Provided information:
____________
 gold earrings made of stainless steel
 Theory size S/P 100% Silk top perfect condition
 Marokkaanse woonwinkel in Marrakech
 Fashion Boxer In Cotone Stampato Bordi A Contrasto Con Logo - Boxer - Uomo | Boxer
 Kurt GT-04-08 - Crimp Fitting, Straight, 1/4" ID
____________
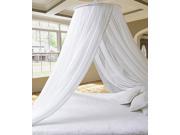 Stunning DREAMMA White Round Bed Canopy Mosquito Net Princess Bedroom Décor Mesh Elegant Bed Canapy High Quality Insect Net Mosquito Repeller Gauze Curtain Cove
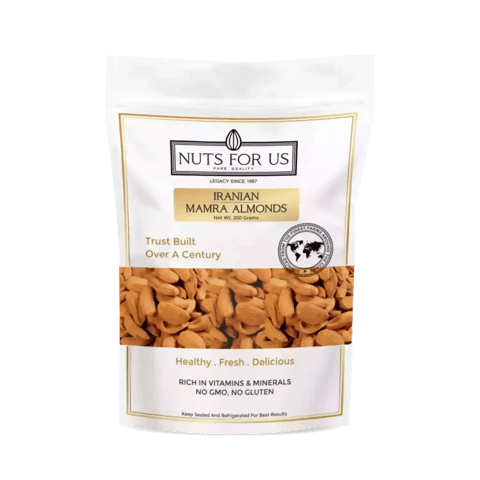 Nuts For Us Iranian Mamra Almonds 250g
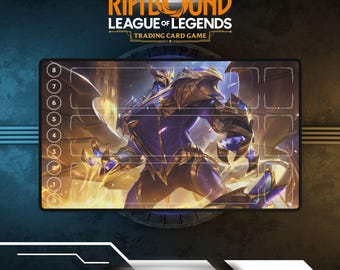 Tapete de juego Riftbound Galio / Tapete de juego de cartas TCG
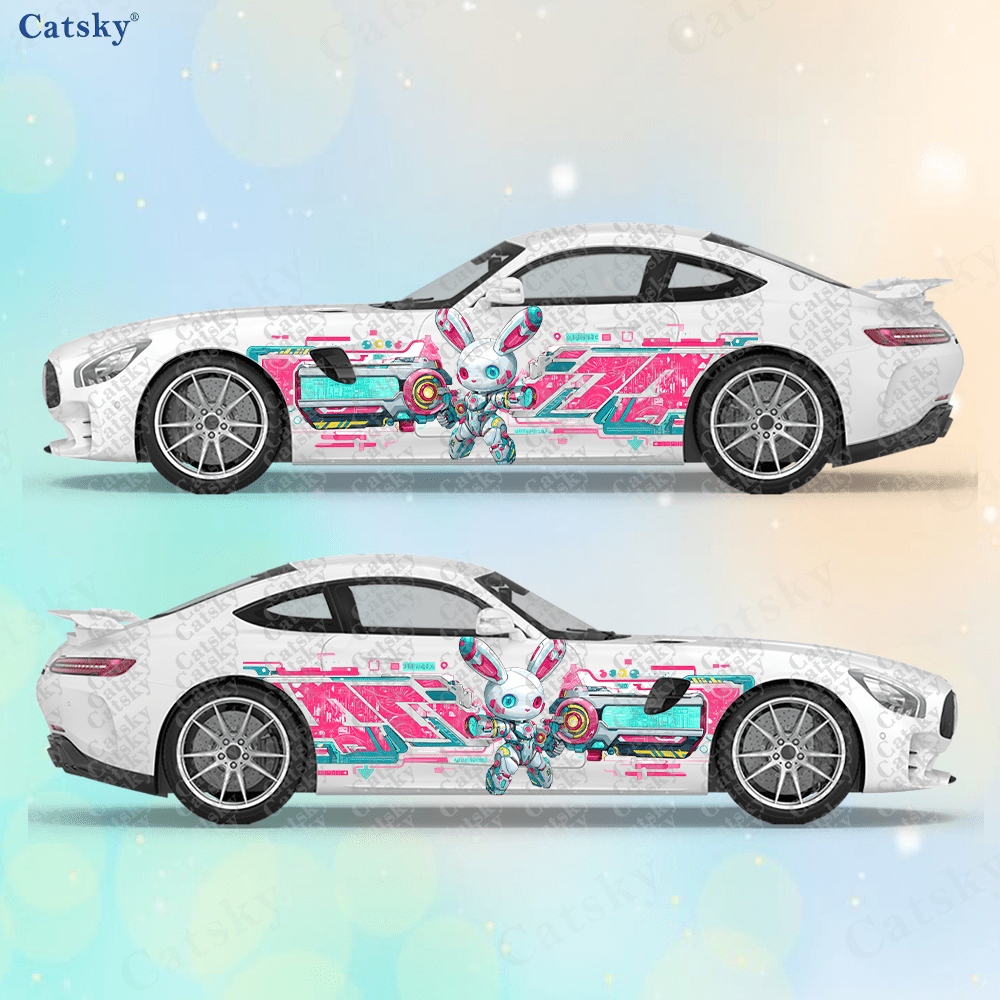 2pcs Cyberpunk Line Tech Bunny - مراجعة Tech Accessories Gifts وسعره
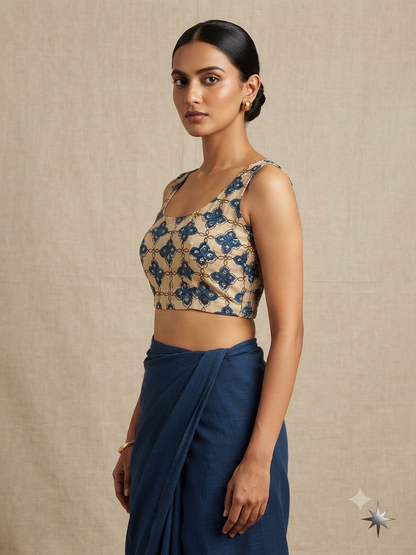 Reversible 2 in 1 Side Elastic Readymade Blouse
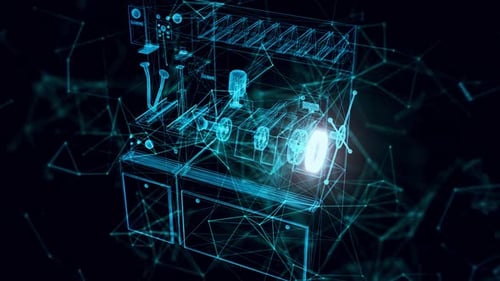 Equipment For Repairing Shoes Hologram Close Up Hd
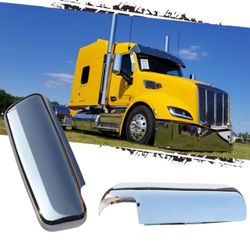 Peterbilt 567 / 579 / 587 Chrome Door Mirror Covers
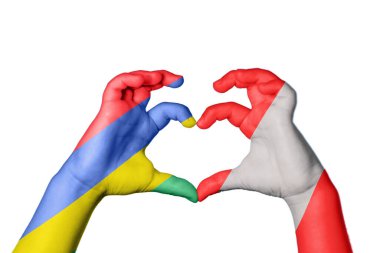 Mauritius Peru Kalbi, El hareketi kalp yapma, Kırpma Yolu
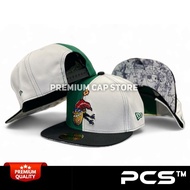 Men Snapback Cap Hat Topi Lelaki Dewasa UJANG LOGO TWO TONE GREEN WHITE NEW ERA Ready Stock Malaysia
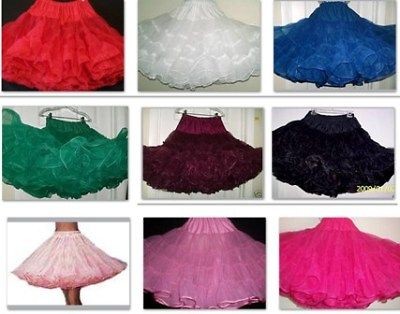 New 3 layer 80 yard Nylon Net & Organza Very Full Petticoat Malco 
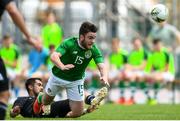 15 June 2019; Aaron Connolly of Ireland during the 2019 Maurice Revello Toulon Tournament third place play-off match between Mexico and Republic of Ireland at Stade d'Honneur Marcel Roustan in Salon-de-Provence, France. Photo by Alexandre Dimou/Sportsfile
____________
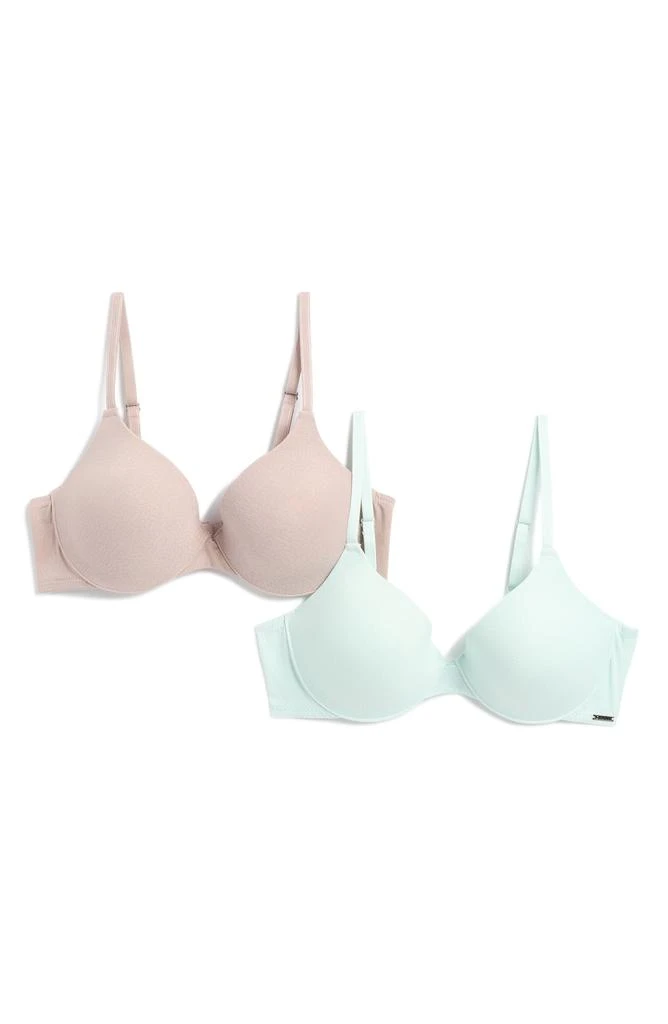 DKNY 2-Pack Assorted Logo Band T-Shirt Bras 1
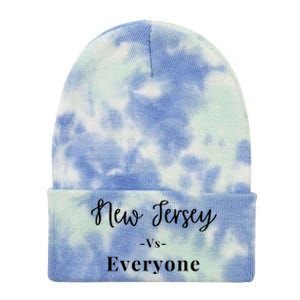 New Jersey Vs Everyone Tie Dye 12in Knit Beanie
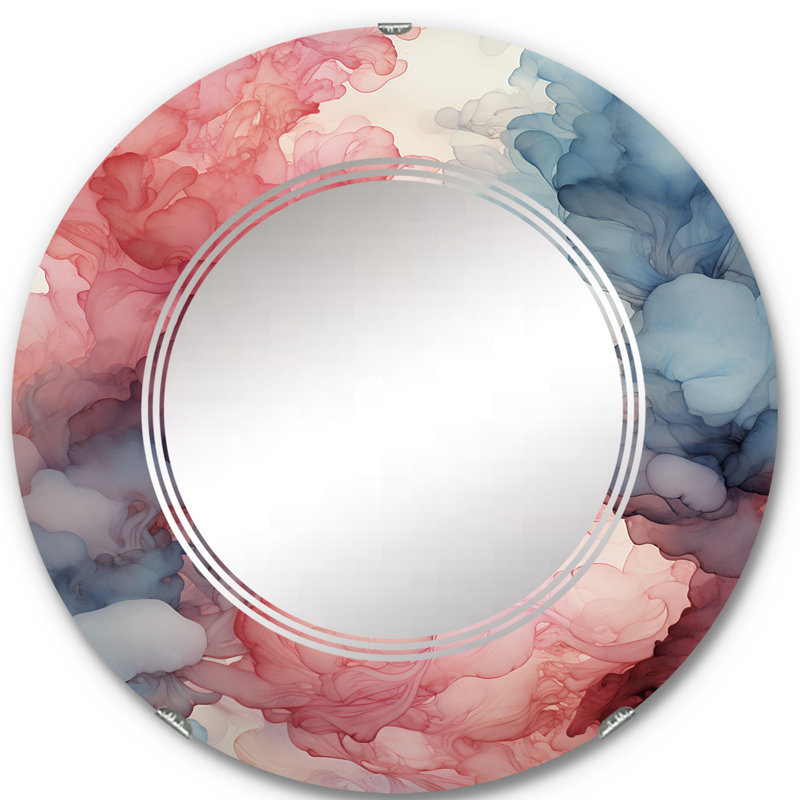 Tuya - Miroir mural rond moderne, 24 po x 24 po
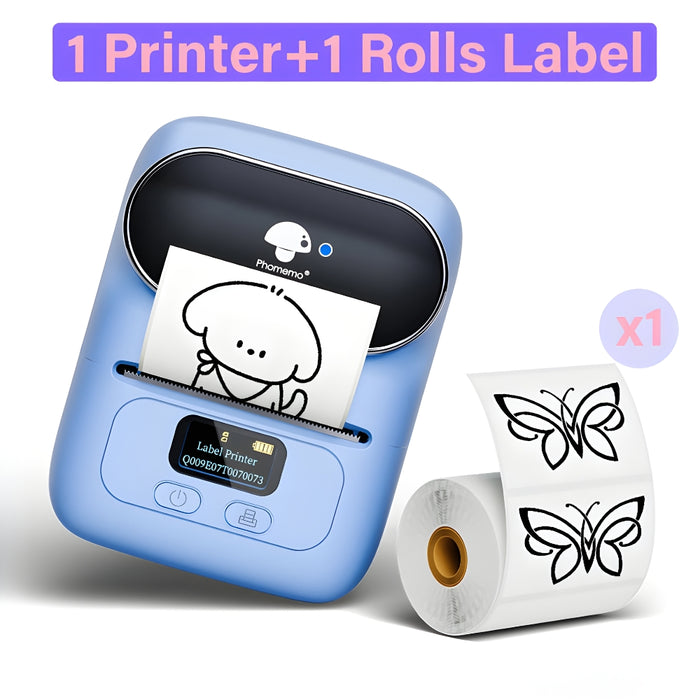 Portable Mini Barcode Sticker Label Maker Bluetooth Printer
____________
Activity: Repeat, without pictures, exactly the lines of the data above from the one containing "DKNY 2-Pack Assorted" through the one containing "Portable Mini Barcode", including both and adding nothing.

Result:
 DKNY 2-Pack Assorted Logo Band T-Shirt Bras 1
 New Jersey Vs Everyone Tie Dye 12in Knit Beanie
 Tuya - Miroir mural rond moderne, 24 po x 24 po
 Portable Mini Barcode Sticker Label Maker Bluetooth Printer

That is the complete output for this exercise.